◆ SUPPLIED DATA
BEGIN

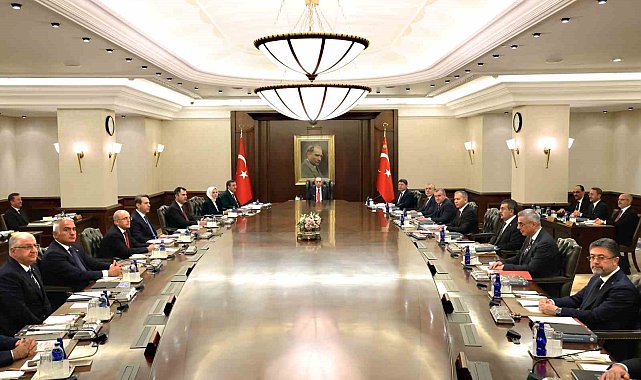 Cumhurbaşkanı Erdoğan: "Terör örgütünün belediye gücüyle haraç mekanizmaları kurmasına göz yumamayız"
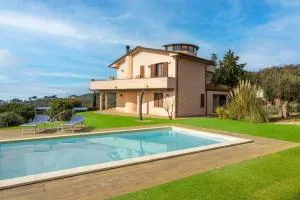 Villa il Mandorlo by VacaVilla - تورو سول تراسيمينو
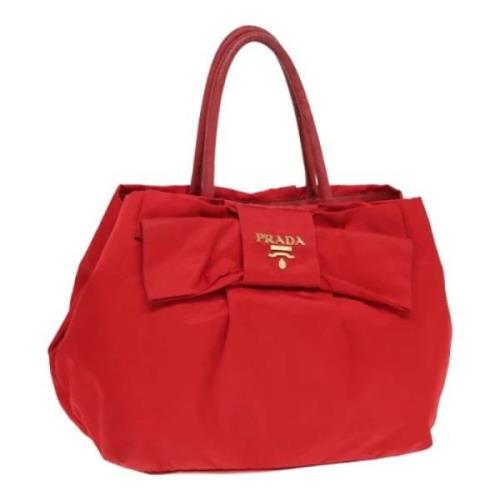 Pre-owned Nylon handbags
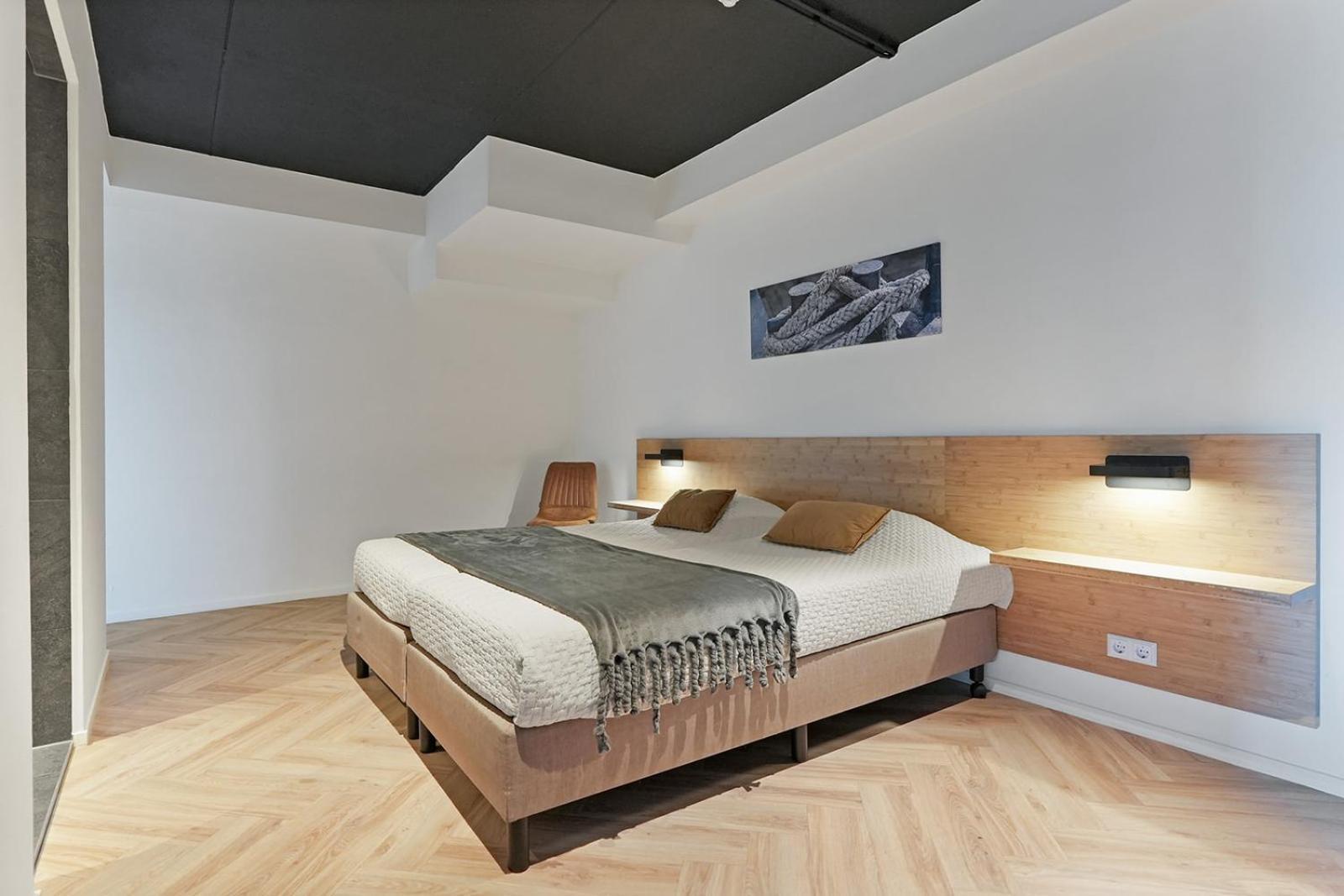 Dock Hotel 斯泰伦丹 外观 照片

END

◆ WHAT TO WORK ON
Print each line of the listing exactly and include no pictures.

◆ ANSWER SPACE
 Cumhurbaşkanı Erdoğan: "Terör örgütünün belediye gücüyle haraç mekanizmaları kurmasına göz yumamayız"
 Villa il Mandorlo by VacaVilla - تورو سول تراسيمينو
 Pre-owned Nylon handbags
 Dock Hotel 斯泰伦丹 外观 照片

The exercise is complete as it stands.